Cimitero di gomme nell’Oceano: un grande progetto che si è dimostrato un vero disastro ambientale. Vediamo tutti i dettagli della vicenda
Oggi sappiamo che l’Oceano è minacciato continuamente da montagne di rifiuti che arrivano in mare aperto e a volte creano delle vere e proprie isole di spazzatura. Uno scempio che non fa altro che ledere il già fragile equilibrio marino. Tutta colpa dell’uomo e del suo scellerato modo di disperdere i materiali nell’ambiente.
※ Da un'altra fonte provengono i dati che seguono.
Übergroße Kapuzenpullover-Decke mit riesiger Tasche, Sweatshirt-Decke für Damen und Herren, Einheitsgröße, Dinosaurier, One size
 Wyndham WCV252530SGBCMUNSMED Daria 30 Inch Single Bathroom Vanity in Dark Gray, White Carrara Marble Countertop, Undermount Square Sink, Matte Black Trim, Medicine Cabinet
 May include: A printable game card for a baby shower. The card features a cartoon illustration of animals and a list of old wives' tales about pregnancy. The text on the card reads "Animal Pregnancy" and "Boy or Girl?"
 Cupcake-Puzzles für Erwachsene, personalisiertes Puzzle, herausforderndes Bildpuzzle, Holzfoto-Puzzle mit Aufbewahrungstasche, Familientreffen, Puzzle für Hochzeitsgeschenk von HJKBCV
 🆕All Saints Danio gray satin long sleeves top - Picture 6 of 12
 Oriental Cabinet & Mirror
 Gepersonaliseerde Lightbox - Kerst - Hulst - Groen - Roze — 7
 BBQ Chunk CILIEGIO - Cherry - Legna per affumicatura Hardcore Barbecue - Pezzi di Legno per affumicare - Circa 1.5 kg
Nulla ha a che vedere con questo il cimitero di gomme che si trova in fondo all’Oceano Atlantico, anche se il principale responsabile è sempre l’uomo. Ma come ci sono finiti così tanti pneumatici nei fondali marini? Tutta “colpa”, si fa per dire, del progetto Osborne Reef che negli anni Settanta fu messo in atto al largo di Sunrise Boulevard a Fort Lauderdale in Florida. È proprio qui che furono scaricati in mare circa 2 milioni di pneumatici. Ma perché? Facciamo chiarezza.
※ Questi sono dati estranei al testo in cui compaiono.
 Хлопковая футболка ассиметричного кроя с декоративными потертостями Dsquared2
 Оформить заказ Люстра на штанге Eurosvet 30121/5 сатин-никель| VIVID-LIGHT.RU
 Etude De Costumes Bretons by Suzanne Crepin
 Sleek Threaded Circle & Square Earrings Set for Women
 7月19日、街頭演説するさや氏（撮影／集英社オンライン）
Cimitero di gomme nell’Oceano: il motivo
Creare una la barriera corallina artificiale, la più lunga del mondo, al largo della Florida, per incoraggiare la crescita di nuovi coralli, migliorare la biodiversità del luogo, attirando anche i pesci di grossa taglia per un doppio giovamento: naturale ed economico. Era questo l’intento del progetto Osborne Reef proposto da un’associazione no profit di pescatori e accettato dalle autorità federali. Ecco allora che è stato creato un vero e proprio substrato di gomme usate che furono legate tra di loro con ganci in acciaio e delle cinghie di nylon.
Un progetto enorme e proposto come uno dei più innovativi del momento. Peccato che si è dimostrato solo un grosso buco nell’acqua rivelandosi uno dei più grossi disastri ambientali mai visti al mondo. L’acqua salata, infatti, ha corroso le cinghie che tenevano attaccati i pneumatici e così questi hanno iniziato a “vagare” sul fondale dell’oceano diventando delle vere e proprie mine trasportate dalle correnti oceaniche, dalle onde e dalle tempeste in giro per il mare.
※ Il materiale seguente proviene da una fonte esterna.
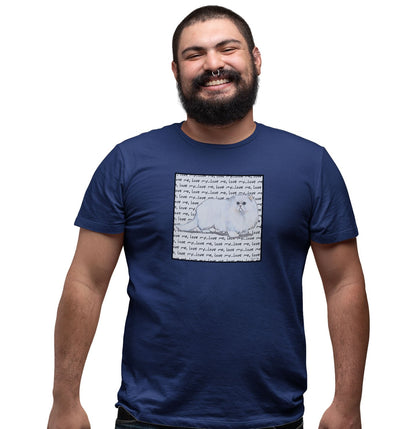 Persian Cat Love Text - Adult Unisex T-Shirt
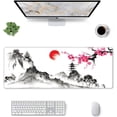 thumbnail image 2 of Watercolor Japanese Hills Cherry Blossom Gaming Mouse Pad XL, Non Slip Rubber Base Mousepad, Stitched Edges Desk Pad, Extended Large Mice Pad,31.5 X 11.8 Inch, 2 of 6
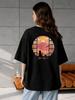 Thick Black Oversized T-Shirt with Cat and Volcano Print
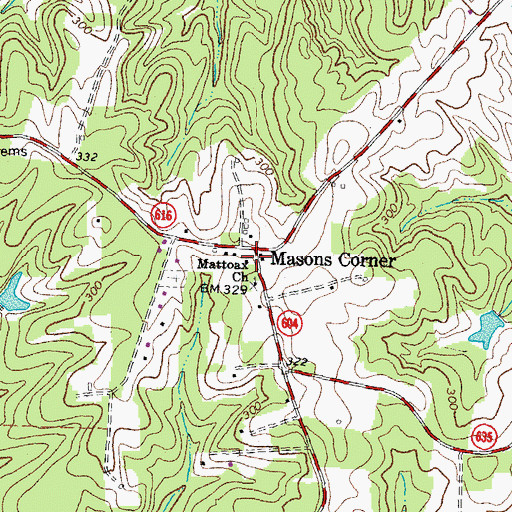 Topographic Map of Amelia County Volunteer Fire Department, VA
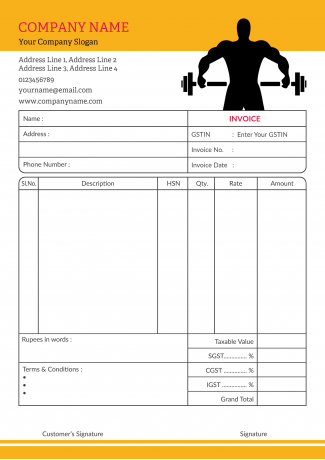 Gym Bill Book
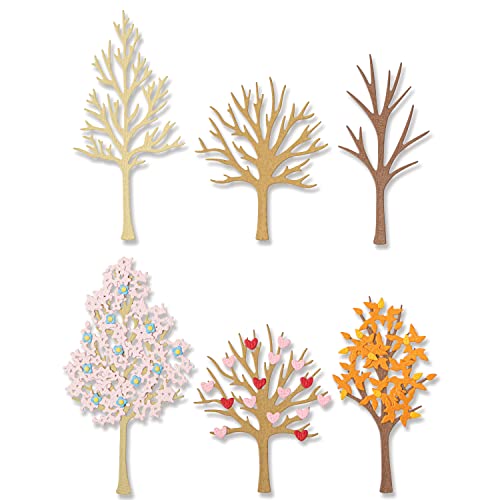 Sizzix Thinlits Stanzwerkzeug 7 Stück saisonale Bäume von Jennifer Ogborn | 666025 | Kapitel 4 2022 Wafer, Kunststoff, Grey, One Size von Sizzix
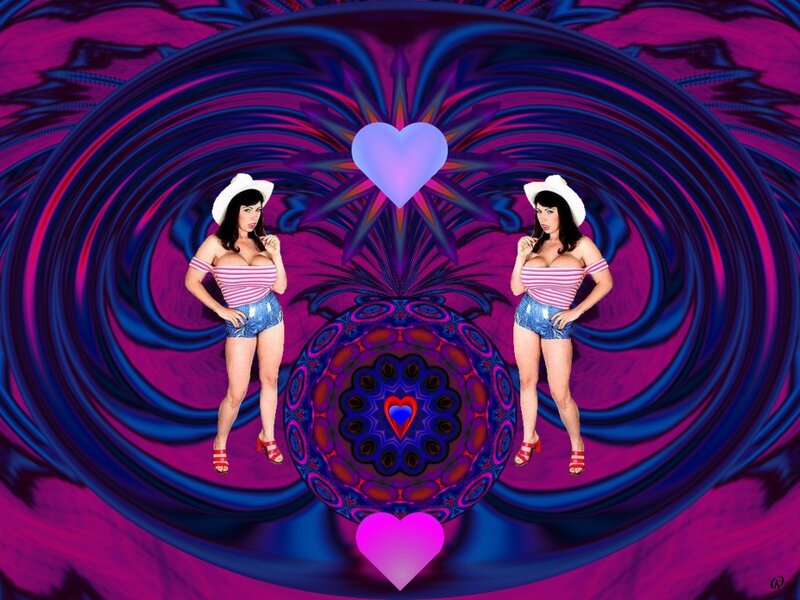 Woman in Cowboy Hat — Purple, Psychedelic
Un danno enorme per l’equilibrio marino, già fragile perché minacciato da altri fattori come la crisi climatica, l’inquinamento e la pesca intensiva. Per cercare di rimediare dal 2007 ad oggi sono in atto una serie di azioni che si stanno dedicando alla rimozione delle gomme dal fondale che, come si può immaginare, non è per nulla facile. A collaborare anche l’esercito e alcune associazioni no-profit.